# a few last night 3/20/22



## spearfisher59 (Jan 3, 2016)




----------



## GROUPERKING (Sep 28, 2011)

Nice ! We cooked our last pack of last year's flounder yesterday. I polished off the last 2 pieces in a sandwich for lunch today. Mighty fine ! As soon as this knee of mine is better, I'll be ready to get after them again. Thanks for the report. 

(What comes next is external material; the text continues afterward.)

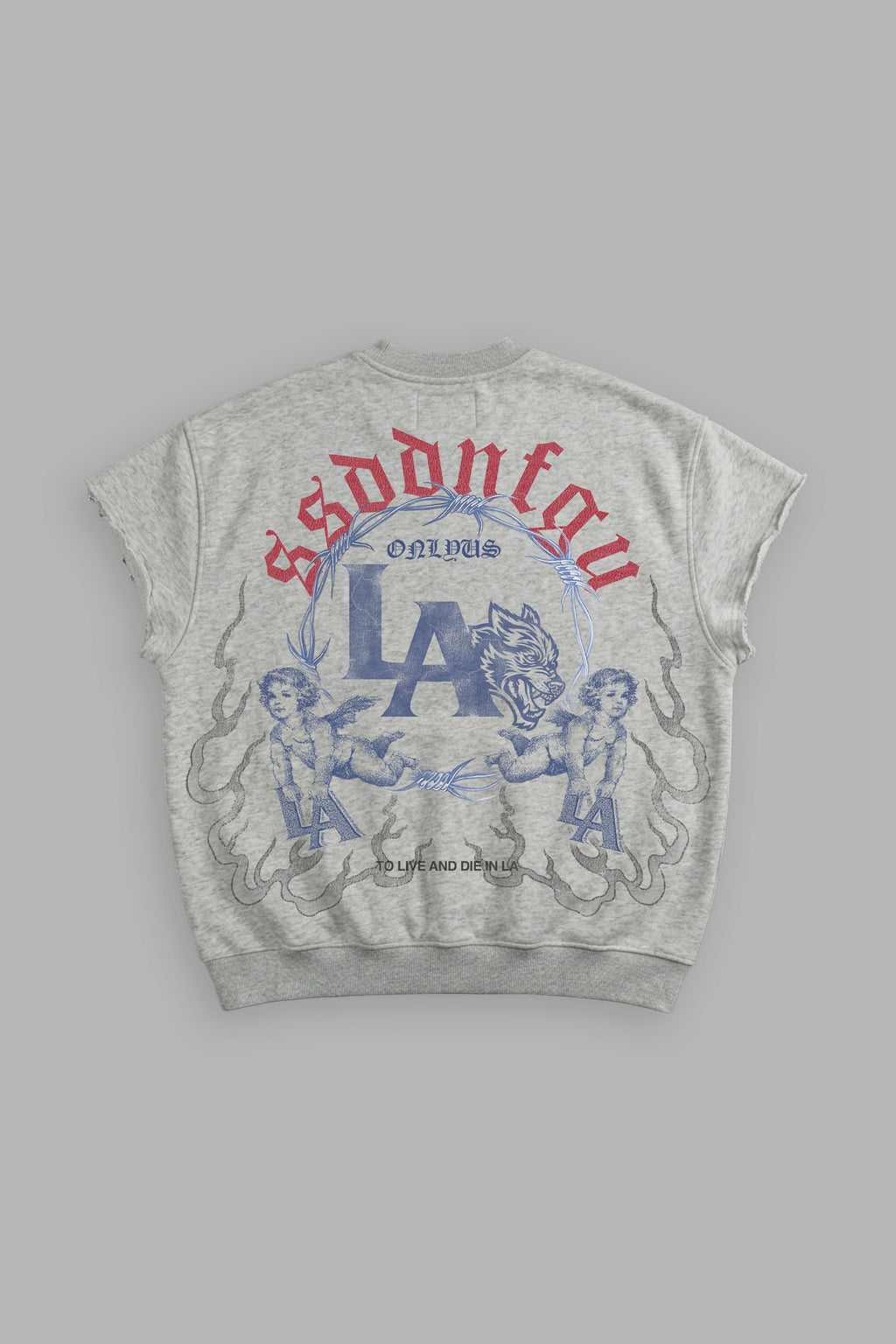 La Heritage Cap Sleeve London Crewneck in Light Athletic Gray — imagem 1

Sent from my SM-G955U using Tapatalk


----------



## Tail Chaser (Jun 22, 2008)

Nice job! And good placement on the gig shot.


----------



## Boardfeet (Sep 27, 2007)

Thanks for the report!


----------



## Bigwill4life (Mar 3, 2009)

You forgot to mention the exact gps location where the fish were harvested LOL. Good mess of fish glad to see this post.


----------



## spearfisher59 (Jan 3, 2016)

Bigwill4life said:


> You forgot to mention the exact gps location where the fish were harvested LOL. Good mess of fish glad to see this post.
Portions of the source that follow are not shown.